This series of blog posts is based on an article written by Travis Bradberry in Forbes titled “12 Habits of Genuine People.” Be sure to check out last week’s installment here.
Here is his list of 12:
- They don’t try to make people like them.
- They don’t pass judgment.
- They forge their own paths.
- They are generous.
- They treat everyone with respect.
- They aren’t motivated by material things.
- They are Trustworthy.
- They are thick-skinned.
- They put away their phones.
- They aren’t driven by ego.
- They aren’t hypocrites.
- They don’t brag.
In this blog, I would like to consolidate points 1, 2 and 7.
They are Trustworthy
What does it mean to be trustworthy? Mr. Bradberry writes in the original Forbes article,
People gravitate toward those who are genuine because they know they can trust them. It is difficult to like someone when you don’t know who they really are and how they really feel. Genuine people mean that they say, and if they make a commitment, they keep it. You know that if they say something, it’s because they believe it to be true.
I would interpret his words for being trustworthy as having integrity. The dictionary uses the words “strong moral principles, moral uprightness, being whole, undivided” to describe integrity.
Bradberry says it’s difficult to like someone when you don’t know who they really are. I say it’s difficult to be influenced by someone who you don’t believe to have integrity. Without integrity (or being trustworthy) you have no ability to influence. Without the ability to influence, you have very little worth.
They Don’t Pass Judgment
I will once again go back to Mr. Bradberry’s words,
Genuine people are open-minded. No one wants to have a conversation with someone who has already formed an opinion and is not willing to listen.
Scott Fitzgerald said, “The test of a first-rate intelligence is the ability to hold two opposed ideas in mind at the same time and still retain the ability to function.”
Genuine people listen with the intent to understand and are perfectly willing to accept opposing ideas as both being valid at the same time. We talked about this in the last blog which described Genuine People as being “thick-skinned”, or in my words, comfortable in their own skin.
Genuine people are open-minded.
They don’t try to make people like them
This is the number one attribute of Genuine People identified in Travis Bradberry’s article.
We talked about Aristotle’s Levels of Happiness in our last blog. He identified Level 4 as Sublime Beatitudo: Providing blessings with such excellence and grandeur as to inspire great admiration or awe.

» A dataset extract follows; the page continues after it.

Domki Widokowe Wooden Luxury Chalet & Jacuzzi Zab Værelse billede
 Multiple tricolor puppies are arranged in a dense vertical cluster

The words that Aristotle used for Level 4 were Truth, Love, Beauty, Unity (I’ve seen different interpretations the fourth attribute, but I’ve enjoyed the concept of Unity in terms of building great teams.)
I believe that one mistake made today is assuming that the first two, Truth and Love are opposite ends of a continuum. All too often people believe they can either tell a person the truth or love (offer them respect) them. However, they exist on different axes of the chart.
Think of Truth being the scale up the left side of the chart and Love being the scale along the bottom of the chart.
Low Truth, Low Love – Manipulative Insensitivity.
The receiver doesn’t believe the sender is speaking the truth nor do they exhibit any respect. It just feels manipulative.
High Truth, Low Love – Obnoxious Aggression
The receiver knows the sender is speaking the truth as they see it but with no respect. It’s just aggressive behavior.
Low Truth, High Love – Ruinous Empathy
The receiver may feel the respect from the sender but knows they are not getting the whole truth. This leaves them with an inability to improve.
High Truth, High Love – Positive Candor
The receiver feels respected and at the same time is given the truth they need to improve. This creates the ability to learn.
Genuine people want to help the people grow and develop. Genuine people want to grow and develop themselves. This requires both Truth and Love on everyone’s part. Simply getting people to like you doesn’t help and doesn’t work in the end.